Friday, May 29, 2009

Health Care Choice

According to the Denver Post, Howard Dean was in town on Friday stumping for health care reform:

Howard Dean, calling himself a "counterweight to the insurance industry," rallied a Denver crowd Wednesday to push for a public, government-subsidized insurance option for all ages. The former chairman of the Democratic National Committee, who is traveling the country to talk about health care reform, said Americans also should have the option of keeping their private insurance.

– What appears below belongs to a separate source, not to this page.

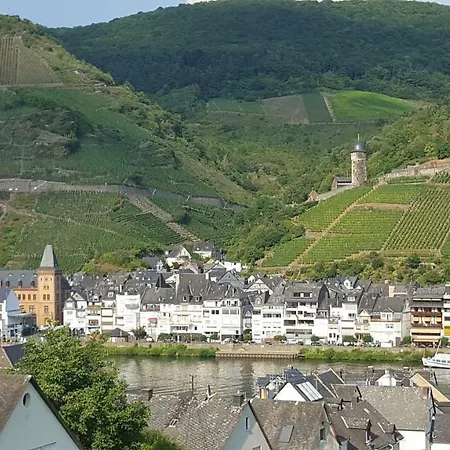 Zur Koenigslay Holiday home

Of course, if Dean really wants to help the Obama administration's efforts, he didn't do them any favors when he says things like, "Republicans try to act like it's some kind of socialist, communist plot. Welcome to socialized medicine. It's called Medicare." People don't want to see socialized medicine - they want to see national health insurance. People want the doctors and the hospitals and the drug companies operating in the free market where the consumer has choices on who he sees and what he's willing to pay for. They perceive "socialized medicine" as single-payer systems in Canada and Britain where the doctors work for the government. That won't fly here. And Obama didn't help himself when he recently said of reform, "If we don't get it done this year, we're not going to get it done." Not a good idea to throw down ultimatums. We don't like being scared or threatened, and we want change, but not hasty change.

Thus, I am still baffled by the Administration's refusal to offer consumers another "choice" with a logical blend of public and private care. This is best exemplified by the Healthy Americans Act - also known as the Wyden-Bennett plan - or the extension of FEHBP - Federal Employee Health Benefits Plan - to all Americans. In these systems, the free market exists and health care providers bid to serve a pool of 300 million Americans. Each person can choose to purchase as much or as little as he needs or wants, but no one is denied access. No one is forced to give up his doctor - as I was in our current private employer-based system - and all medical decisions remain between the doctor and patient.

The problem for critics of Dean and Obama is that the country wants change, and it will come, and if conservatives are not careful, they could end up with single-payer simply because they provided no logical alternative that maintains the free market. HAA and FEHBP do this. Let's get on it.